Esri / lerc

Limited Error Raster Compression
https://github.com/esri/lerc
Apache License 2.0
190 stars 56 forks source link

A new sample in LercTest #12

Closed andr7430 closed 8 years ago

andr7430 commented 8 years ago

It would be helpful if we can have a sample in LercTest to demonstrate encoding/decoding of an image on disk. This way, it would help users get a better grasp of MaxZError, and its direct effect on file size and decoded image quality.

The existing 2 samples are great in that it gives users an idea of how fast Lerc is, but leaves me wanting for more of a real life example.

jgravois commented 8 years ago

good idea @andr7430! would you be willing to submit a PR so we can discuss more?

@tmaurer3 I'm sure you have some thoughts on this. i'm looking forward to hearing them.

andr7430 commented 8 years ago

Of course, I am messing around with it now to see what I can do.

tmaurer3 commented 8 years ago

If you want the compressed Lerc byte array on disk, you simply write it there. You can use fwrite or ostream::write, see

http://www.cplusplus.com/reference/cstdio/fwrite/

http://www.cplusplus.com/reference/ostream/ostream/write/

Then you read it back in and decode it again. The size on disk is the same as in memory: the size of the byte array.

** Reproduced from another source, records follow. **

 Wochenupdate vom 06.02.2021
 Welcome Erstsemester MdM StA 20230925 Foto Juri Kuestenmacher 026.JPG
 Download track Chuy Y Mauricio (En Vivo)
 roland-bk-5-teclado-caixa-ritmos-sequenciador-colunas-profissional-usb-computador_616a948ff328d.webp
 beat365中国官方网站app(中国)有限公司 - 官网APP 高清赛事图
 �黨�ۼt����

andr7430 commented 8 years ago

Hey @tmaurer3 so I am trying to encode an .tiff to a .lerc2 and then decode it back to a .tiff again. I am brand new to image compression, so hope you don't mind the rudimentary questions:

If I want to encode a .tiff, how should I take care of the header information for the tiff? Should I try to encode it to, or just keep it as is?

tmaurer3 commented 8 years ago

Tiff is a container format. It can have many tiles to cover large areas. The tiles can be compressed in different formats, such as png, jpeg, LZW, or (theoretically) Lerc. So Lerc is an image compression format for a single image tile, like png or jpeg. Tiff, however, can contain tiling, pyramids, spatial reference, and lots of other information.

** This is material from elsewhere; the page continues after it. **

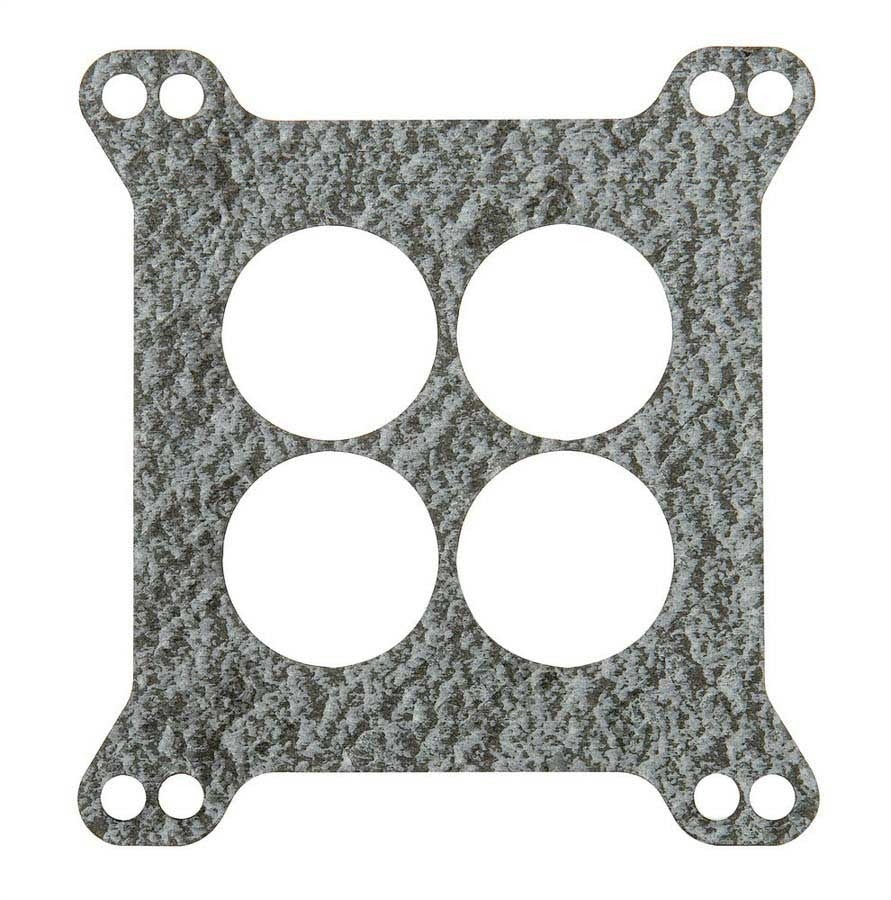 Gasket Carburetor Gaskets Mr Gasket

So you wouldn’t convert a tiff to Lerc. You can convert a png or jpeg to Lerc, but that is not really the purpose of Lerc. The main purpose of Lerc is to provide a compression format for data that you cannot easily compress into png or jpeg. Because your data has higher bit depth, or you need precise control over the compression error, etc.

If you want to convert, let’s say, png to Lerc, you need a png reader or decoder. Decode the png image to the raw image arrays. Then you can Lerc encode those using this Lerc API.

jgravois commented 8 years ago

@tmaurer3 forgive my naïveté in this area, but are there any ubiquitous uncompressed raster formats that would make sense to convert from? perhaps bitmap?

tmaurer3 commented 8 years ago

You don’t need to look for other formats. Very often you have an uncompressed image, such as a floating point elevation tile, and wonder “how should I compress this”? You cannot use jpeg, esp if you don’t want arbitrarily large errors per pixel. The next option is lossless compression, deflate, zip, LZW. Which does not give much compression as you try to compress all the noise still contained in the data. That is why we developed Lerc.

jgravois commented 8 years ago

an uncompressed image, such as a floating point elevation tile.

this is what @andr7430 and i are suggesting be included in the repo with a test case so that developers can compare an input file to an output .lerc file written to disk.

tmaurer3 commented 8 years ago

John,

Disk IO is old school. Today’s computations happen in the cloud. Some 2D raster tile containing elevation or any other scientific 2D raster data gets computed on one machine. Lerc compress on the fly (probably using high precision setting), transmit to another cluster node, decompress again, use it there. Or Lerc compress using lower precision, transmit to a client for display, decompress directly in the browser and display. There is no file or disk IO anywhere.

The test program’s first sample shows this. The test program also has code to read in a Lerc file from disk. You first get the file size, either through the OS or using file seek as shown here. You read in the file using its real size as it could be truncated meaning you should not trust what is written in the header at this point. Once read in, you call the Lerc functions working in memory as shown. They do size checks and should fail gracefully if the file is not a valid Lerc file or got truncated.